Si pendant un temps la chaîne cryptée était espérée par les acteurs du foot français pour venir les sauver du fiasco, la réponse que celle-ci leur a envoyé ce lundi a été cinglante : Canal+ a tout bonnement boycotté l’appel d’offres de la LFP tout comme son partenaire Bein Sports. Pire, Canal + a contesté l’appel d’offres devant le Tribunal de commerce de Paris en estimant que celui-ci est « anticoncurrentiel » car partiel. Ce n’est pas vraiment étonnant puisque Canal cherchait lui aussi à remettre son lot en jeu, suite au retrait de Mediapro, estimant que son prix était désormais tronqué. Il est difficile sur ce sujet de leur donner tort lorsque l’on sait que Canal+ avait, en décembre, suite au refus de paiement de la part de Mediapro, payé plus que ces derniers pour seulement 2 matchs contre 8 pour le groupe sino-espagnol, en plus du choix des affiches !
C’est donc désormais la justice qui tient le destin de la Ligue 1 et du football français entre ses mains et surtout l’implication du diffuseur « historique » Canal+ là-dedans. Ce dernier a d’ailleurs repoussé la proposition de négociation gré à gré initié par le président de la LFP Vincent Labrune.

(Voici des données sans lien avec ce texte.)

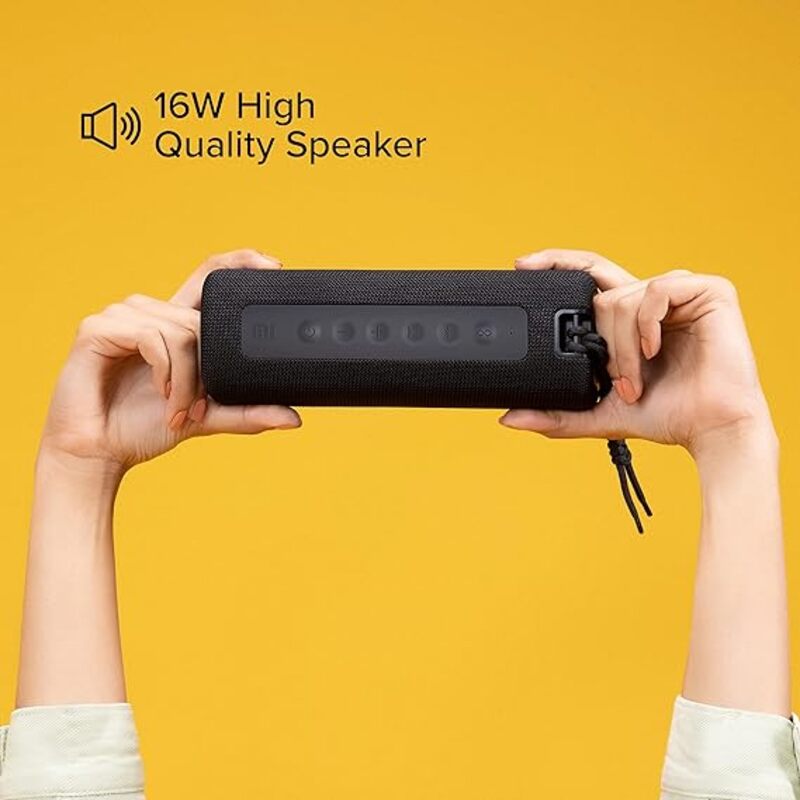 Xiaomi Mi Portable Bluetooth Speaker 16W With Builtin Microphone True Wireless Stereo Dual Sound Mode Deep Bass Wireless Speaker IPX7 Waterproof Bluetooth 50  BLACK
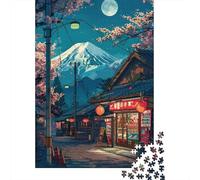 Rompecabezas De 1000 Piezas para Adolescentes Japanese Night Market Scene-1 Rompecabezas para Adolescentes Juego Práctico para Mejorar La Memoria Regalos Y Cumpleaños Únicos 70x50cm/1000pcs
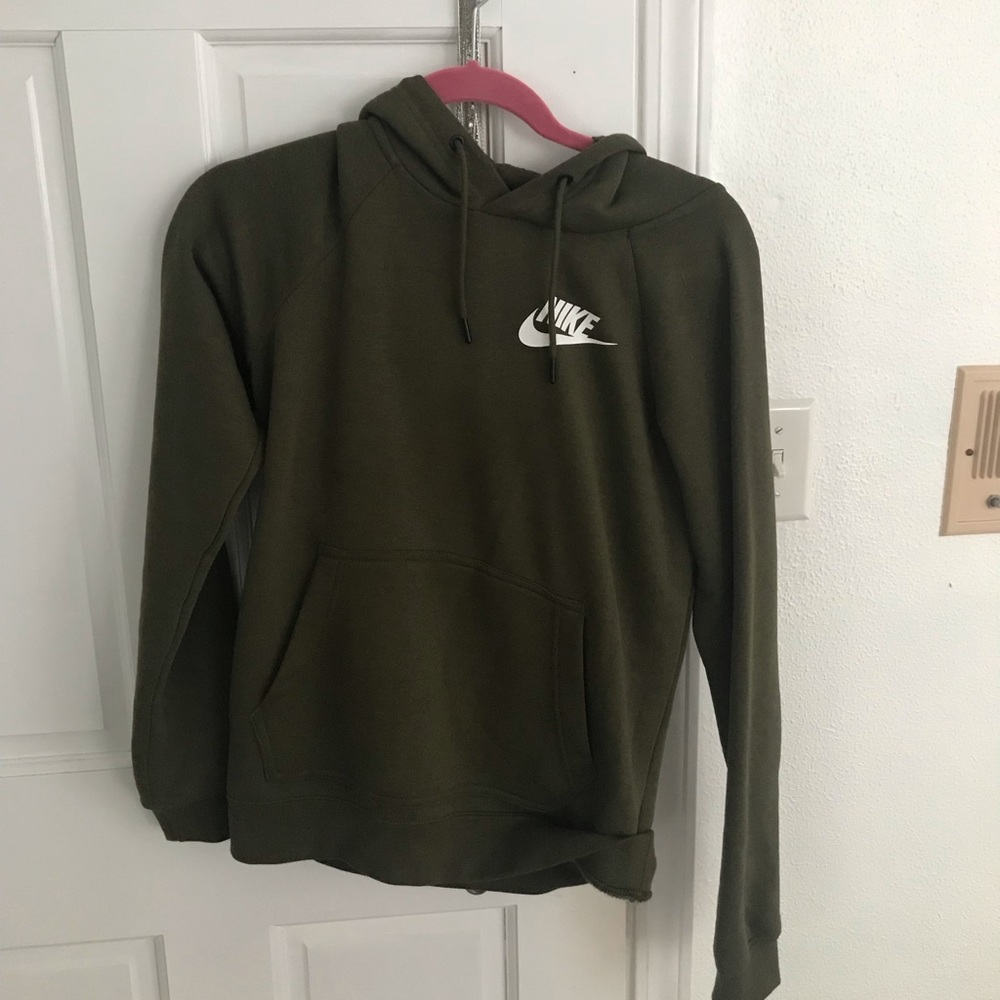 Green Nike Hoodie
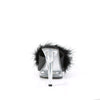 GLORY-501F-8 Marabu Pantoletten - Schwarz/Transparent | Fabulicious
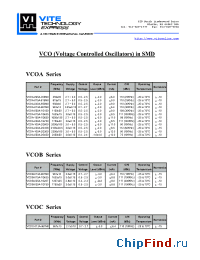 Datasheet VCOK-005A-368M0 производства Vectron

Quelques (faibles) offres tout de même
On apprenait lundi que des offres étaient néanmoins arrivées sur le bureau de la LFP ce lundi. Faibles certes, mais des groupes semblent intéressés par la diffusion de notre bon vieux football français. L’offre la plus intéressante semble avoir été celle formulée par le groupe Amazon puisque cela constituait la « bonne surprise » selon un membre du conseil d’administration de la LFP via RMC. DAZN, plateforme de streaming et Discovery notamment propriétaire d’Eurosport y seraient également allés de leur offre, mais aucune des trois citées n’a atteint le prix de réserve ce qui signifie que le football français peut bel et bien s’attendre à une crise économique sans précédent.
Il y aura bien évidemment un après Mediapro et il faut espérer qu’on revienne à une vision raisonnable, égalitaire et à long terme en ce qui concerne notre football. Il faudra apprendre de ses erreurs même si l’horizon semble encore s’assombrir avec l’hypothèse de la Super Ligue européenne où, là encore, les plus riches seront tout en haut et les plus petits se partageront les miettes en bas. Finalement, pour reprendre l’édito de Thomas Pitrel sur So Foot il y a quelques semaines, ne serait-ce pas la solution pour retrouver un championnat compétitif que d’exiler les plus riches qui en veulent toujours plus et jouer entre petits, « sans argent mais aussi sans problèmes.